Content analysis is an approach to the document analysis that aims to quantify content in terms of predefined categories. Words or phrases can be chosen as the units of analysis. This approach is often used to determine the amount of attention paid to a particular topic in news or other media.
Secondary data are data that have been collected by someone other than a researcher conducting the study—often they come from government or statistical bodies, the media, or other researchers. Sometimes secondary data are used in combination with primary data within the same research project.
Main methods of quantitative data analysis include univariate, bivariate, and multivariate statistics. In univariate methods, a single variable at a time is analyzed. Frequency tables display the number of observations and the percentage belonging to each category. Bar charts and pie charts are the most popular methods for visualizing frequency tables. Common methods in univariate data analysis include measures of the central tendency (arithmetic mean, median, and mode) that show a typical value for a given distribution; measures of dispersion (such as range, variance, and standard deviation) characterize variation in a distribution of values.
Bivariate analysis explores two variables at a time to establish if they are related. Contingency tables are similar to frequency tables, but they permit analysis of two variables simultaneously. Pearson’s correlation coefficient is an important method of bivariate analysis. It indicates the strength and the direction of a relationship between two variables. The coefficient lies between 0 and 1, and the closer it is to 1, the stronger the relationship is. Correlation coefficient does not say anything about causality.
Multivariate analysis refers to statistical techniques that simultaneously analyze more than two variables. Some multivariate techniques are just extensions of univariate (such as distributions) and bivariate methods (such as correlation, analysis of variance, regression). Other techniques, such as factor analysis, are uniquely designed to deal with multivariate data.

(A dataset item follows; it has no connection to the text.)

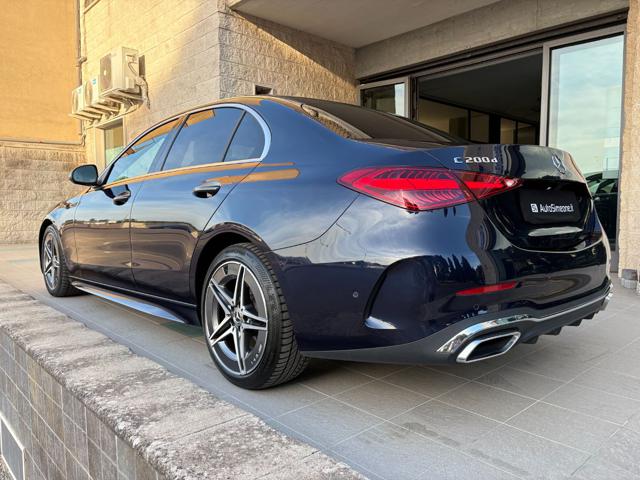 MERCEDES-BENZ C 200 D MILD HYBRID PREMIUM. - foto 7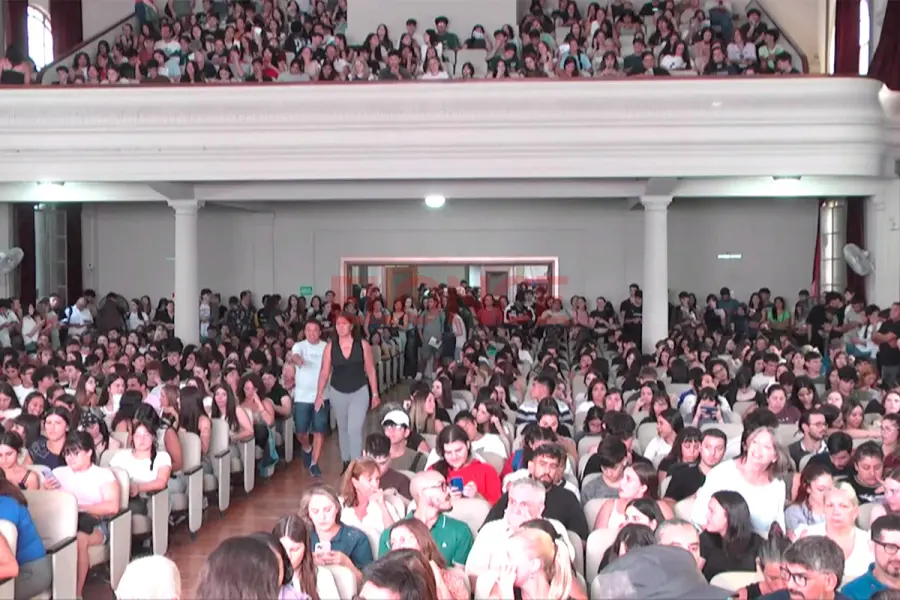 El ingreso este lunes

- Bryman and E. Bell, Business Research Methods (Oxford University Press, 2007);
- John W. Creswell, Research Design: Qualitative, Quantitative, and Mixed Methods Approaches (Sage, 2009);
- Hair et al., Multivariate Data Analysis (Pearson Prentice Hall, 2006);
- Tharenou et al., Management Research Methods (Cambridge University Press, 2007);
- Donald J. Treiman, Deirdre D. Johnston, and Thomas J. Grites, Quantitative Data Analysis: Doing Social Research to Test Ideas (Jossey-Bass, 2008).